Thanks - sounds like that might work. I suppose I'd have to explain that to a conductor. Possibly take the seat check and then use it to reboard. I was planning on booking with points EMY-SBA-ANA (bus-train), and then taking a later (unreserved) Pacific Surfliner so we could spend a couple of hours in Santa Barbara for breakfast. The trip on points costs the same whether it's EMY-LAX or EMY to Fullerton or Anaheim. So I would be trying to explain that if we're there later, but of course the seat check would be ideal - especially if they're the ones from portable printers that conductors can print with the train number/date.

I'll ask about getting off at LAUS on the main forum. Might not work if the train is late though. Or I could just get off in LA and explore a bit before heading to OC by bus, although that might not help with timing. If it takes too long and we miss the train, I suppose that my planning includes alternate things to do and we can improvise. I should probably just book EMY-ANA both ways just in case (doesn't cost more).

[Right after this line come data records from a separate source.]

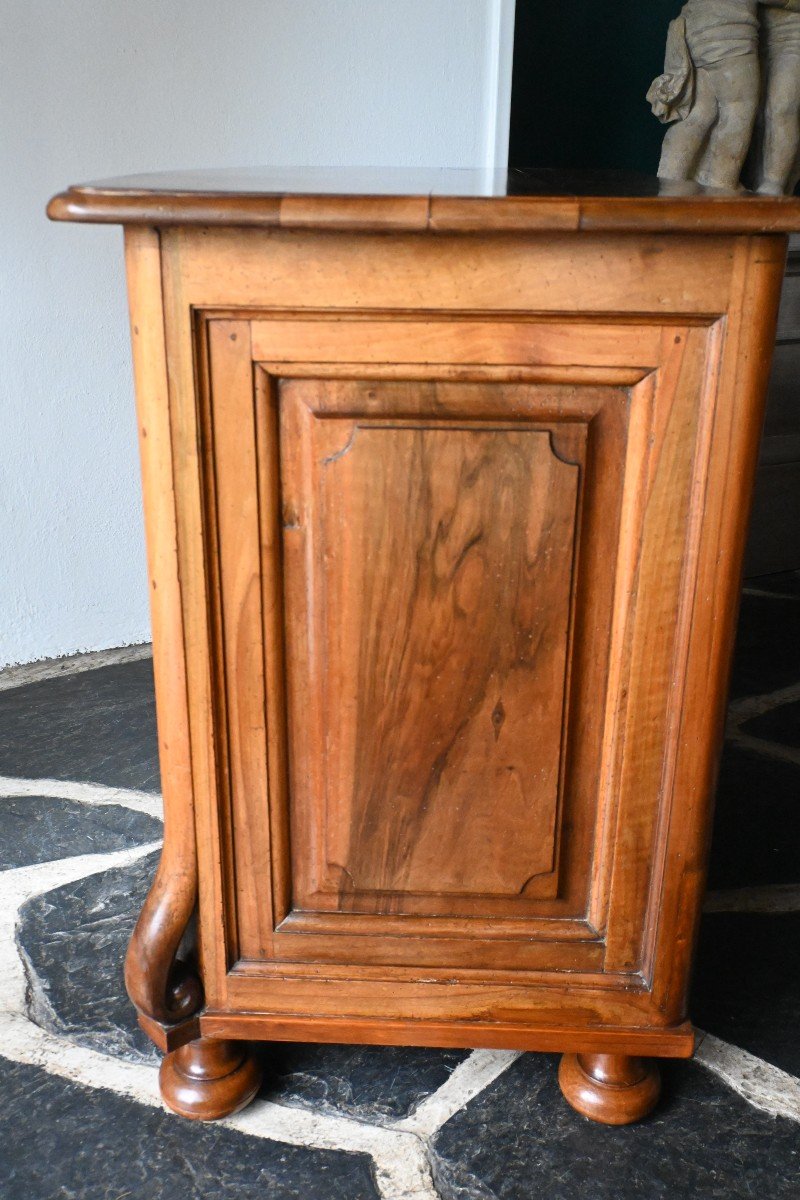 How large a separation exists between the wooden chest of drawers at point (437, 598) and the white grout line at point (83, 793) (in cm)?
61

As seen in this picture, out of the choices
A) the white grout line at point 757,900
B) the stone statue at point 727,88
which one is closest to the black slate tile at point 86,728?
the white grout line at point 757,900

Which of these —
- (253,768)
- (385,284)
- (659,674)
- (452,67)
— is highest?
(452,67)

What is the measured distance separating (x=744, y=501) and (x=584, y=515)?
0.43ft

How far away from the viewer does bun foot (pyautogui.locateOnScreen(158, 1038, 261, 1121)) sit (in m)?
1.12

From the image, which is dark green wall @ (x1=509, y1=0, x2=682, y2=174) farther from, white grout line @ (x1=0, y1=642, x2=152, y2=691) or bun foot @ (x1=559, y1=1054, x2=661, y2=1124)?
bun foot @ (x1=559, y1=1054, x2=661, y2=1124)

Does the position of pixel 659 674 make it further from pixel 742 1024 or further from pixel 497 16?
pixel 497 16

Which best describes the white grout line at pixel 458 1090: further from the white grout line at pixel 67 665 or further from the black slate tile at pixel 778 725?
the white grout line at pixel 67 665

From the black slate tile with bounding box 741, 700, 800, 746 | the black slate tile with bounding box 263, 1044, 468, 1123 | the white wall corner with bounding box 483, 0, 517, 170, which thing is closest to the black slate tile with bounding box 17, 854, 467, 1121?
the black slate tile with bounding box 263, 1044, 468, 1123

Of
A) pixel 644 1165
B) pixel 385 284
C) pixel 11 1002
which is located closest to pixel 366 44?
pixel 385 284

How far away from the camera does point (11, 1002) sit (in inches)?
50.6

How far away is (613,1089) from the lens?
1.12 metres

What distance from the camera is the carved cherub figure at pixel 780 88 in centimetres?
276

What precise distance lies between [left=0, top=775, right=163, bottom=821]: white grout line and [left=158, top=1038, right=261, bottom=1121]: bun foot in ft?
1.96

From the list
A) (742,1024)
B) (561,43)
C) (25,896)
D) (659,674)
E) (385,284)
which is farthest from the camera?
(561,43) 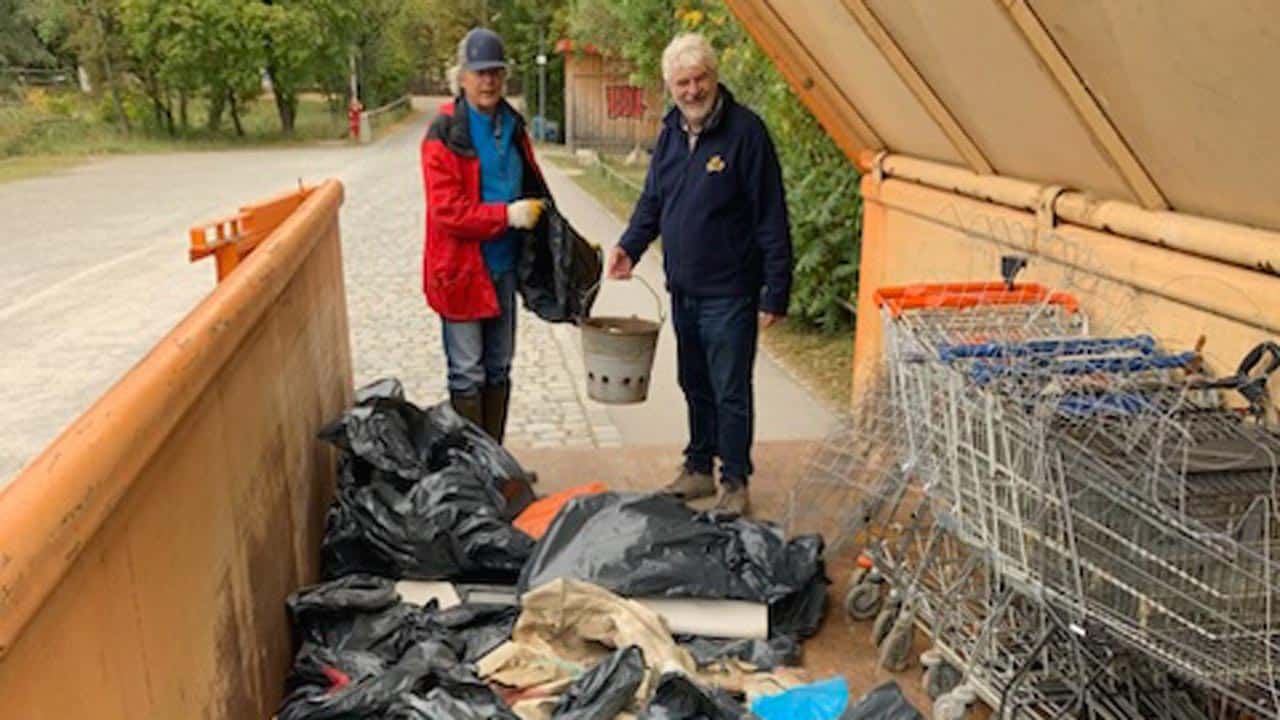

But I'm feeling a little better about it since bus #460 takes cash fares. I was worried that I'd be stuck in a chicken or egg dilemma since LA's Metro system has switched to transit cards, and they have one part of their system in Orange County where it can't be purchased by machine or at a store.

I think the TAP card on the phone is a good idea (especially avoiding paying the card cost), but that requires NFC which isn't compatible with my iPhone 7.

Not sure this is specifically a commuter rail topic. I originally posted it on Non-Rail before it was moved. However, it did occur to me that LA's Metro system doesn't fit into a neat category because it's a combination of buses and light rail.


----------



## BCL (Jul 24, 2022)

Planning on making this trip, but the big issue would be getting the interagency TAP fare card, since that's the primary way of using public transportation in LA county. We may be taking Metro initially just to ride from Orange County to LA, but then there I heard from a call with a Metro customer service agent that one bus (460 to/from Orange County) sells them but I can't seem to confirm from another source. We have multiple itineraries, so there's always flexibility.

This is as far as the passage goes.